The benign call rate [95% CI] for GSC was 76.2% (69–83%). Of the 164 GSC nodules, 29 (17.6%) underwent thyroid surgery. Assuming all nonsurgical GSC benign cases (n = 123) were truly benign, the sensitivity, specificity, PPV, and NPV were 100%, 92.6%, 60.0%, and 100%, respectively, with a disease prevalence of 9.2% (Table 3). Specificity and PPV were 94.3% and 57.1% in Bethesda category III nodules and 86.2% and 63.6% in Bethesda category IV nodules, respectively (Table 3). The benign call rate [95% CI] in AUS nodules was 81.0% (71–89%) and 78.9% (63–90%) in FLUS nodules (p = 0.81). Restricted to cases with surgical pathology, sensitivity, specificity, PPV, and NPV among GSC tested nodules were 100%, 16.7%, 60.0%, and 100%, respectively (Table 4). Specificity and PPV were 25.0% and 57.1% in Bethesda III nodules and 0% and 63.6% in Bethesda IV nodules, respectively. Predicted performance of GSC based on different prevalence is shown in Figure 3.

FIG. 3.

Predicated performance of GSC based on disease prevalence. Predicated performance of NPV and PPV (solid lines) with 95% CIs (dotted lines) based on sensitivity and specificity. CIs, confidence intervals; NPV, negative predictive value; PPV, positive predictive value.

Surgical pathology among GSC nodules

Of the 39 GSC-suspicious cases, 25 (64.1%) underwent surgery by the end of the data collection. Histopathology revealed cancer or NIFTP in 15 cases, including PTC (n = 11) (classic variant 4 cases, PTC with mostly follicular pattern not meeting criteria for FVPTC 4 cases, oncocytic variant 1 case), FVPTC (n = 1), FTC (n = 2), and NIFTP (n = 1). One case was positive for BRAF^V600E on GSC testing; the final pathology showed classic variant PTC (pT1aNxMx based on AJCC staging), negative for lymphovascular invasion and extrathyroidal extension. Nine of the 10 GSC-suspicious cases were benign adenomatous nodules on surgical pathology and one was HCA (cytology SFN without Hürthle change). Of the 15 GSC-suspicious/malignant histology cases, 8 had a preoperative cytological diagnosis of Bethesda III (6 AUS, 2 FLUS) and 7 had a diagnosis of Bethesda IV (6 SFN, 1 HCN). Of the 10 GEC-suspicious/benign cases, 6 had a preoperative cytological diagnosis of Bethesda III (4 AUS, 2 FLUS) and 4 had a diagnosis of Bethesda IV (4 SFN). Seventeen cases (68%) underwent hemithyroidectomy, nine cases (32%) underwent TT. One patient underwent a two-step surgery (hemithyroidectomy followed by completion thyroidectomy). Four cases out of 127 GSC benign Bethesda III (3 AUS and 1 SFN) nodules underwent thyroid surgery for local compressive symptoms. All cases were benign on histopathology.

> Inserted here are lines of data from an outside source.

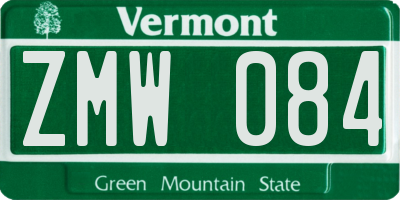 VT license plate ZMW084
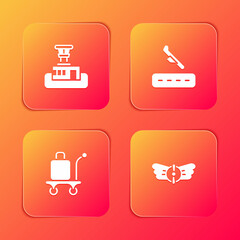 Set Airport control tower, Plane landing, Trolley baggage and Aviation emblem icon. Vector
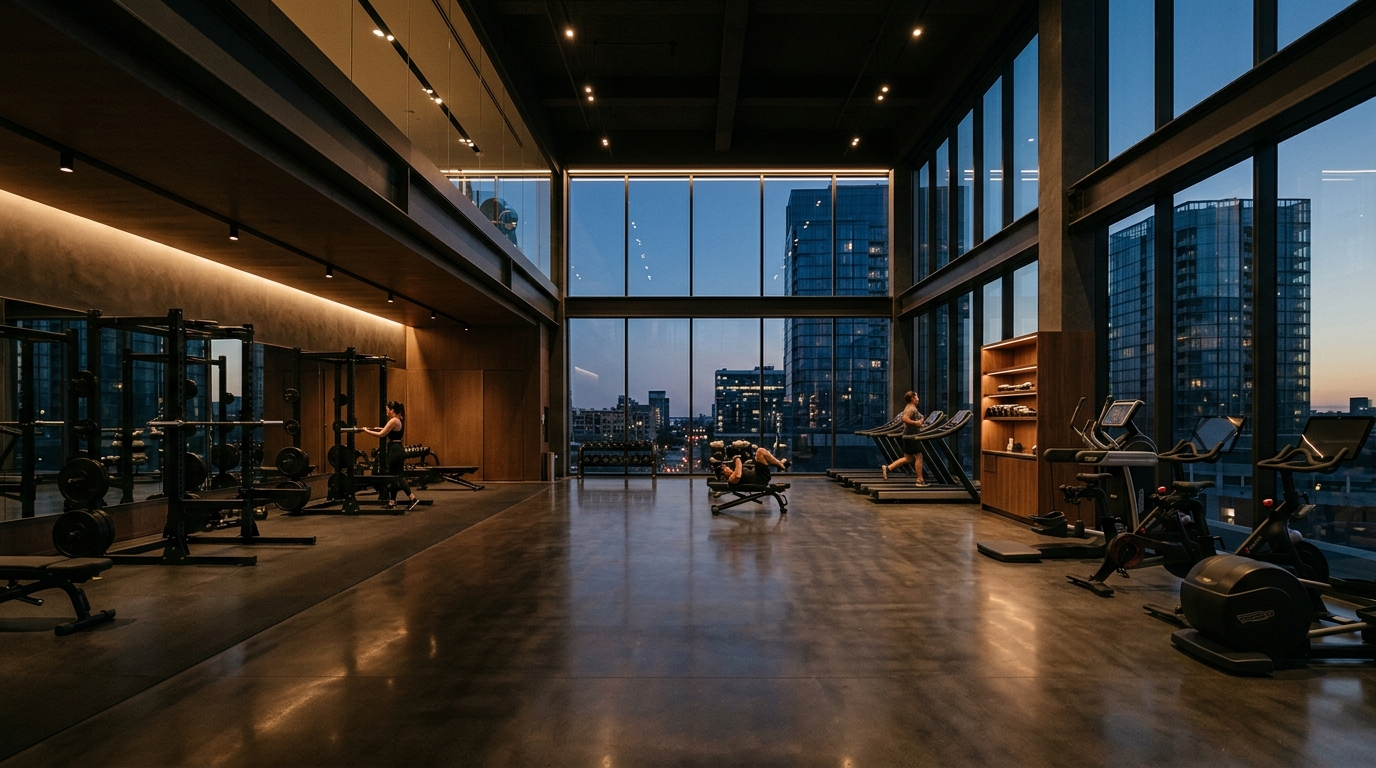 Fitness equipment in a gym near Marina Terrace in Dubai Marina.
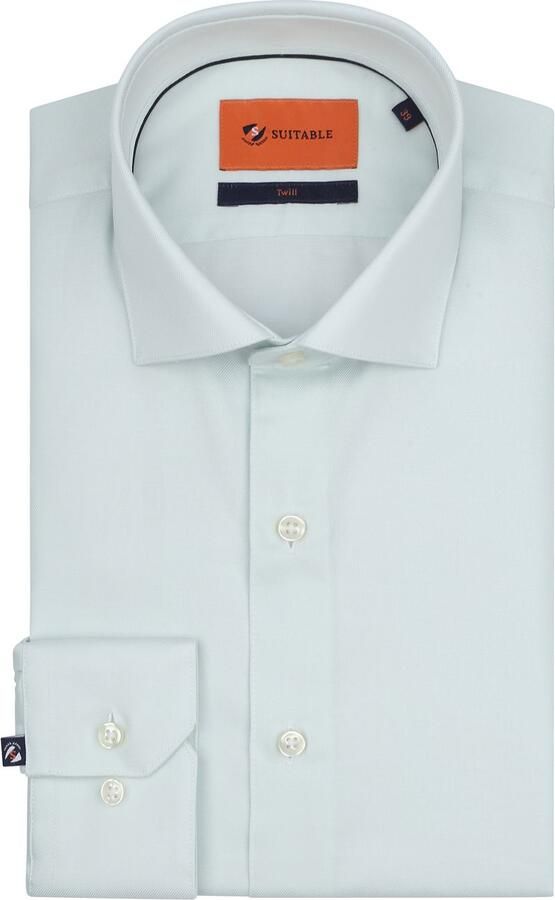 Suitable Overhemd Lange Mouw Overhemd Twill Groen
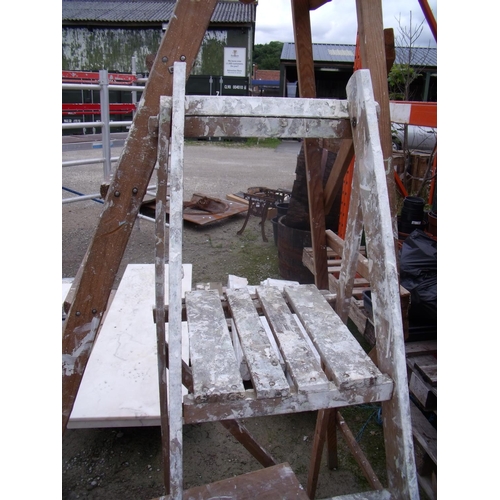 148 - Set of three wooden stepladders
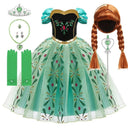 Snow Queen Elsa Anna Floral Princess Dress For Girls Snow Queen Elsa Anna Floral Princess Dress For Girls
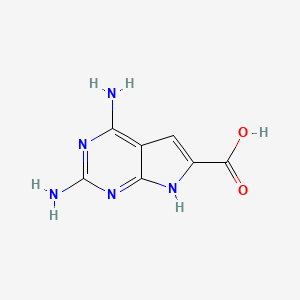 molecular formula C7H7N5O2 B1148695 Ácido 2,4-diamino-7H-pirrolo[2,3-d]pirimidin-6-carboxílico CAS No. 1337881-83-0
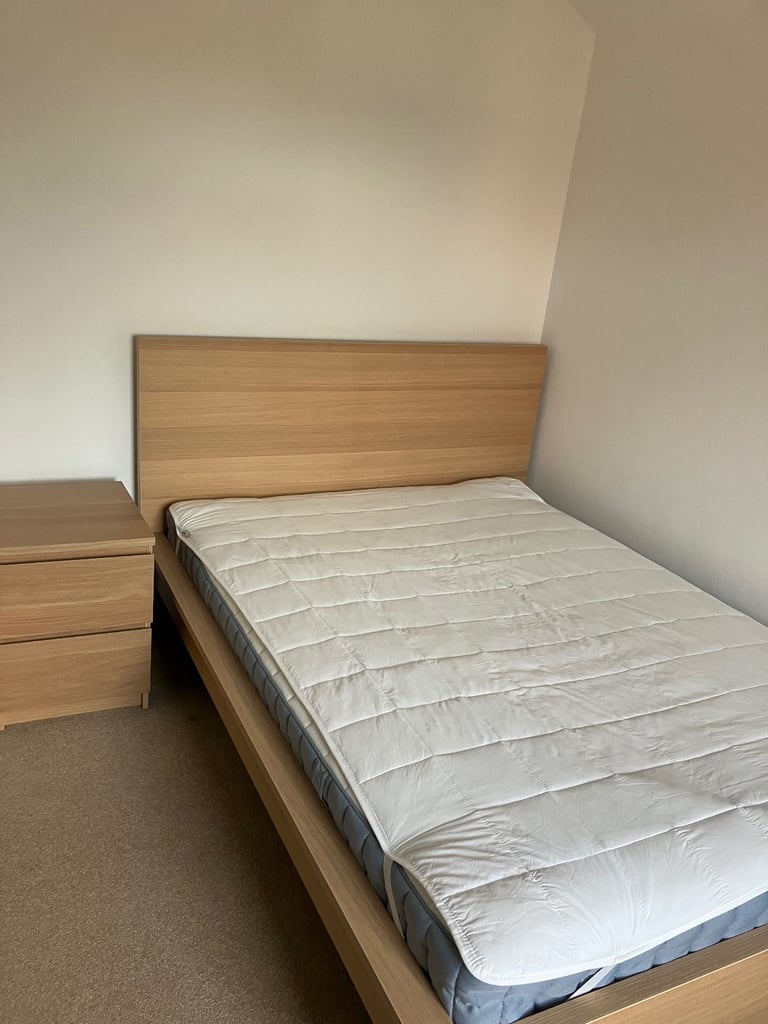 Double Bed with Mattress (IKEA/oak veneer)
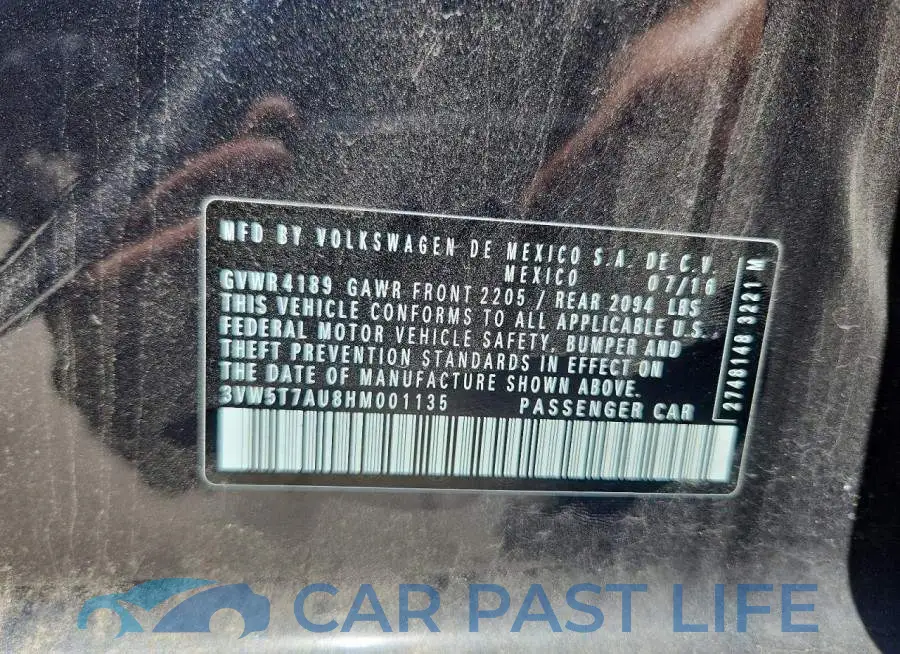 3VW5T7AU8HM001135# 12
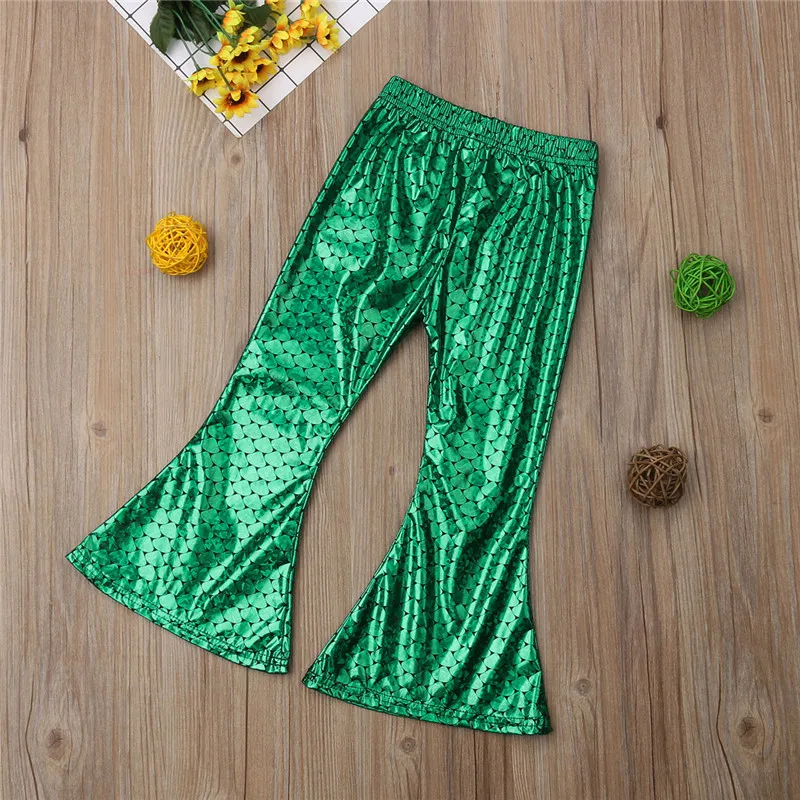 Детские блестящие леггинсы русалки для маленьких девочек длинные расклешенные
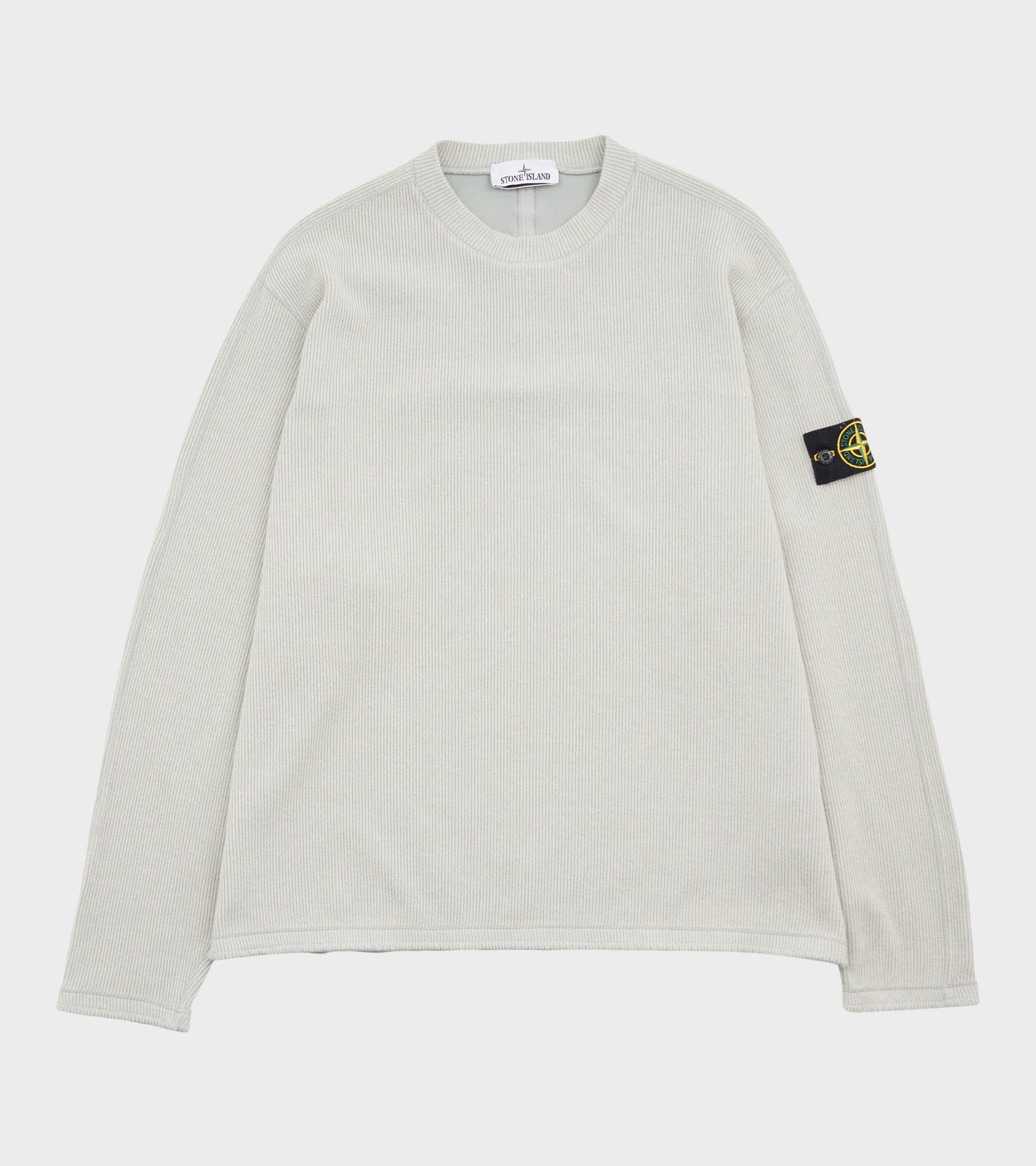Rib Nylon Wool Blend Knit Light Grey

Comparison of GEC and GSC benign call rate, specificity, PPV, and clinical care

The benign call rate was higher for GSC than for GEC among all cyto-I cases (GSC 76.2% vs. GEC 48.1%, p < 0.001) and among subgroups of Bethesda III nodules (GSC 80.7% vs. GEC 50.4%, p < 0.001) and Bethesda IV nodules (GSC 62.5% vs. GEC 43.5%, p = 0.04). When considering all benign cases to be truly benign for both tests, the GSC had higher specificity and PPV than the GEC (specificity: GSC 92.6% vs. GEC 61.4%, p < 0.001; PPV: GSC 60.0% vs. GEC 33.3%, p = 0.01). Similar findings were shown among Bethesda III nodules (specificity: GSC 94.3% vs. GEC 61.4%, p < 0.001; PPV: GSC 57.1% vs. GEC 26.8%, p = 0.03). In Bethesda IV nodules, the GSC had higher specificity (GSC 86.2% vs. GEC 61.3%, p = 0.02) but did not differ in PPV (GSC 63.6% vs. GEC 44.6%, p = 0.33).

When considering only surgical cases, GSC and GEC did not differ in specificity among all nodules (GSC 16.7% vs. GEC 19.1%, p > 0.99) or within Bethesda III (GSC 25.0% vs. GEC 20.2%, p = 0.67) or Bethesda IV (GSC 0% vs. GEC 16.2%, p > 0.99) subgroups (Table 4). There was no difference in specificity and PPV by excluding HCA from both GSC and GEC.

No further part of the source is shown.